(Extracted data Opens)

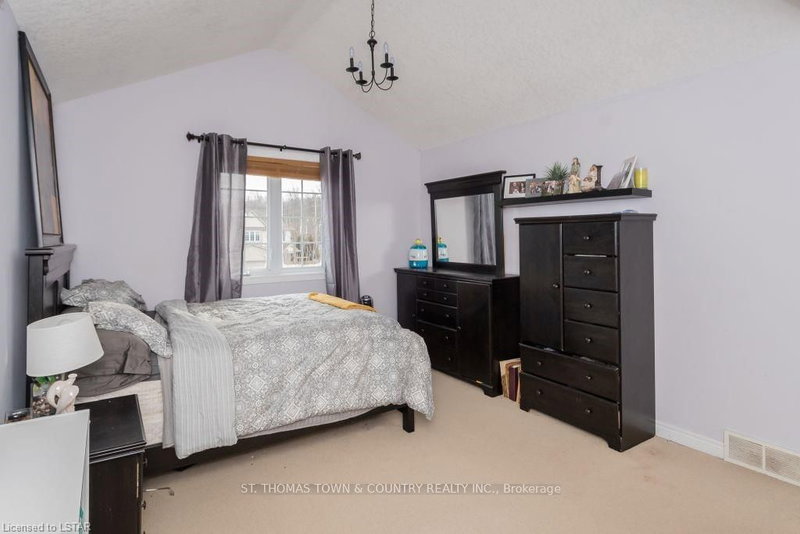 26 Lake Margaret Tr, St. Thomas, N5R 6K7 | Image 3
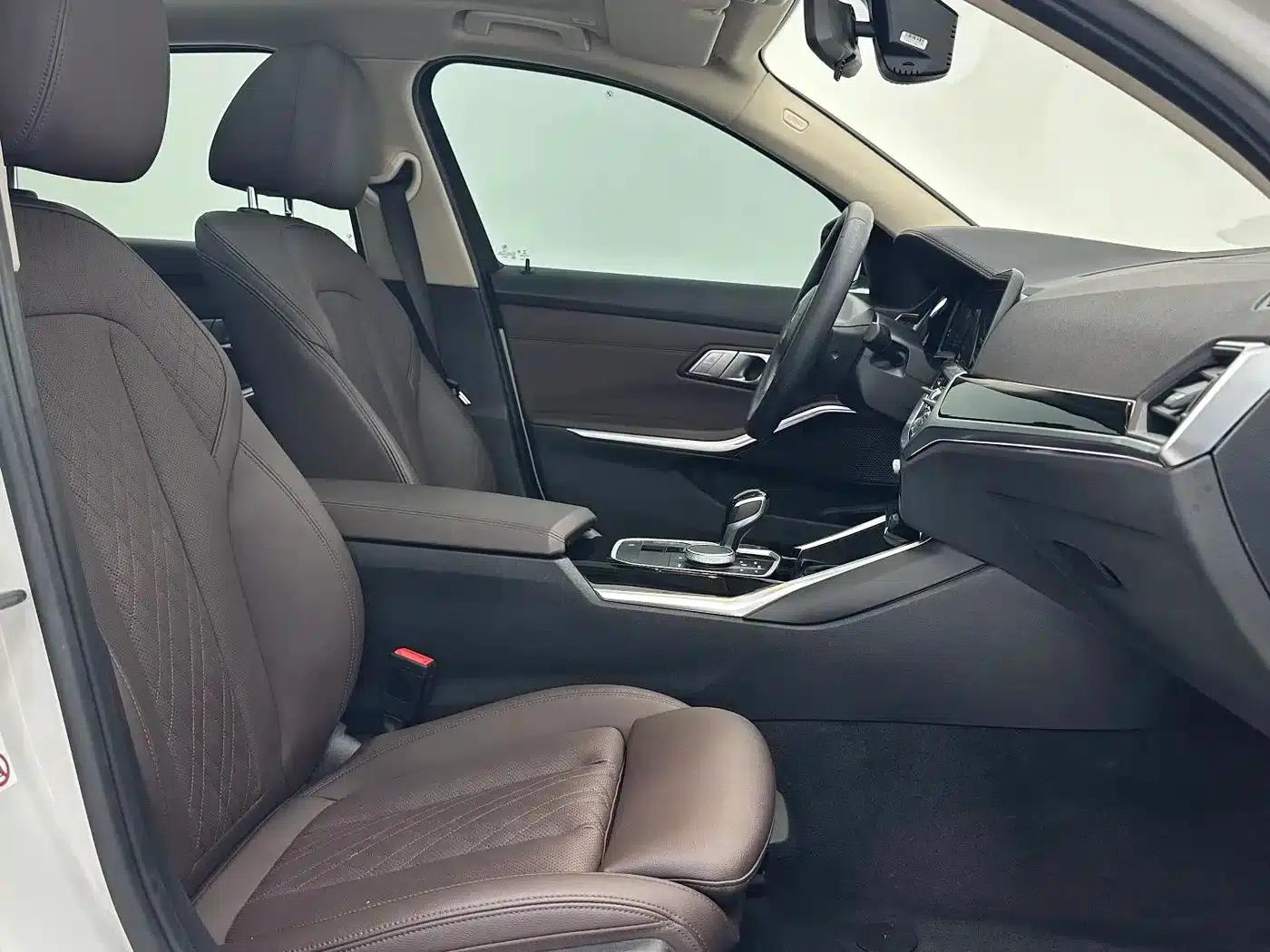 2022 BMW 3 Series 320Li M Sport Package — миниатюра 9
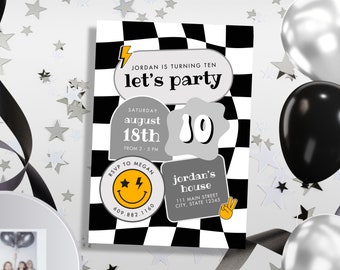 Puede incluir: Fondo de tablero de ajedrez en blanco y negro con una invitación de fiesta de cumpleaños en gris y blanco. La invitación dice "Jordan cumple diez años, ¡vamos a festejar!" con un número 10 gris y blanco. La invitación también incluye la fecha "Sábado 18 de agosto" y la hora "De 14:00 a 17:00 horas".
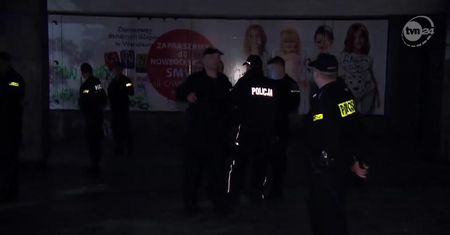 Squattersi wtargnęli do budynku Smyka w Warszawie.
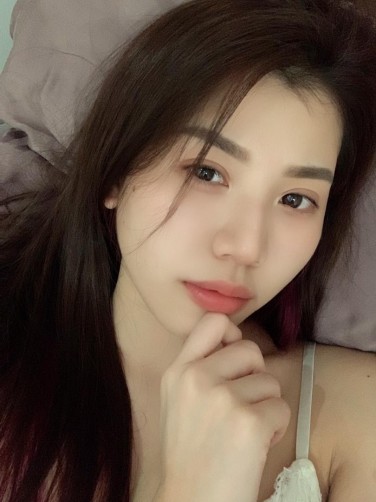 Miu Ling, 28, Shanghai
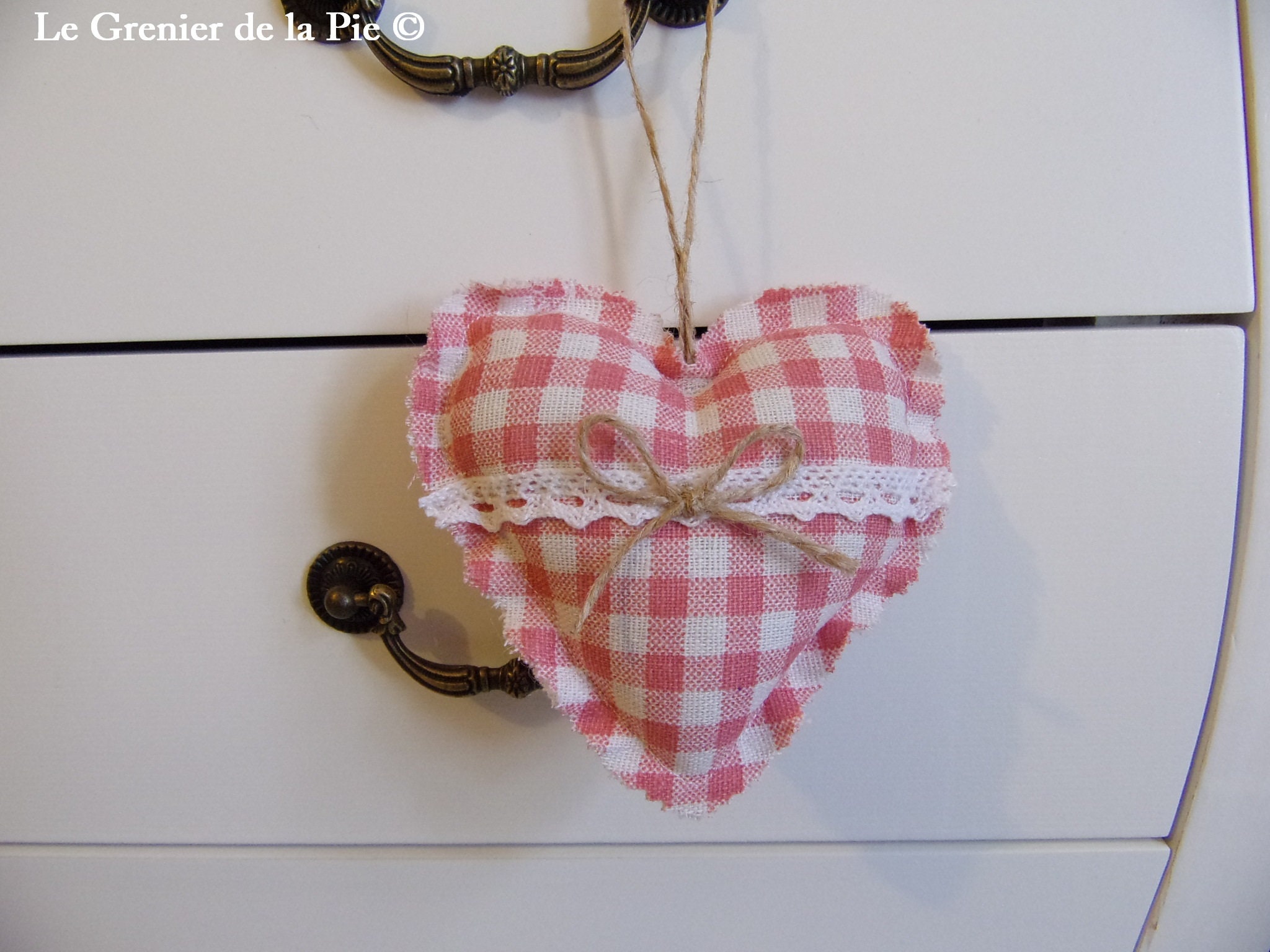 Coeur en Tissu à Suspendre Décoration de Clé Toile Coton Carreaux Vichy Rose Dentelle Jute Style Cam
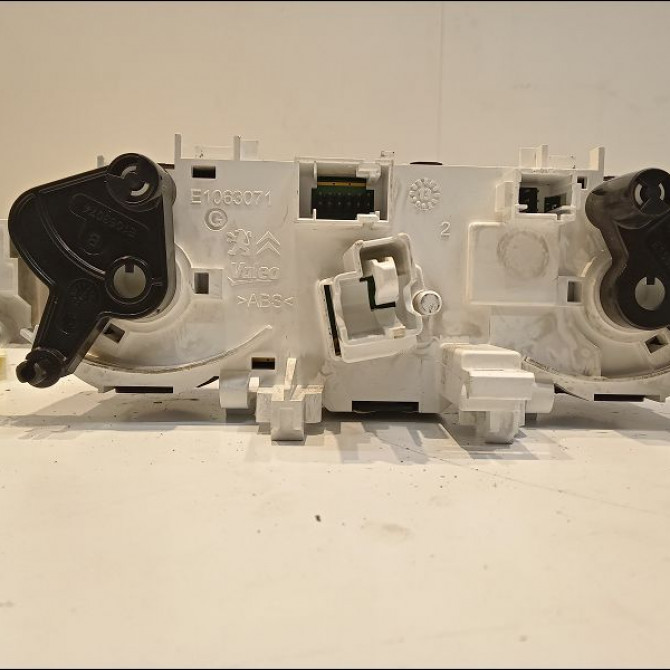 Commande de chauffage occasion PEUGEOT 208 208 Phase 1 2012-03-01->2015-09-30 1.2 VTI 82ch 9819611580 2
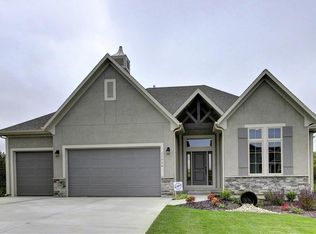 2997 W Sitka Dr, Olathe, KS 66061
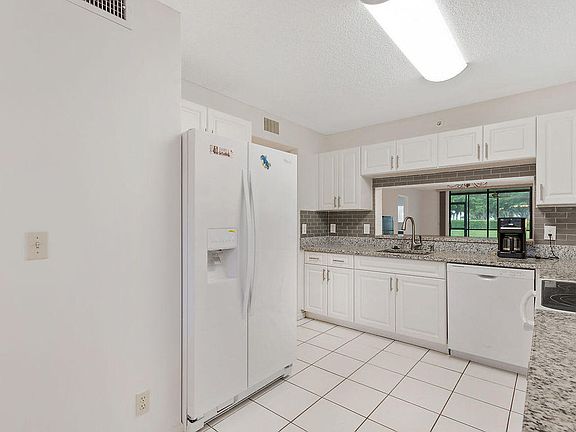 5th image of 15365 Lakes Of Delray Blvd APT 106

(Extracted data Closes)

▶ [Goal of the exercise]
Every record above should come back exactly, but without its pictures.

▶ [Result for this exercise]
 26 Lake Margaret Tr, St. Thomas, N5R 6K7 | Image 3
 2022 BMW 3 Series 320Li M Sport Package — миниатюра 9
 Puede incluir: Fondo de tablero de ajedrez en blanco y negro con una invitación de fiesta de cumpleaños en gris y blanco. La invitación dice "Jordan cumple diez años, ¡vamos a festejar!" con un número 10 gris y blanco. La invitación también incluye la fecha "Sábado 18 de agosto" y la hora "De 14:00 a 17:00 horas".
 Squattersi wtargnęli do budynku Smyka w Warszawie.
 Miu Ling, 28, Shanghai
 Coeur en Tissu à Suspendre Décoration de Clé Toile Coton Carreaux Vichy Rose Dentelle Jute Style Cam
 Commande de chauffage occasion PEUGEOT 208 208 Phase 1 2012-03-01->2015-09-30 1.2 VTI 82ch 9819611580 2
 2997 W Sitka Dr, Olathe, KS 66061
 5th image of 15365 Lakes Of Delray Blvd APT 106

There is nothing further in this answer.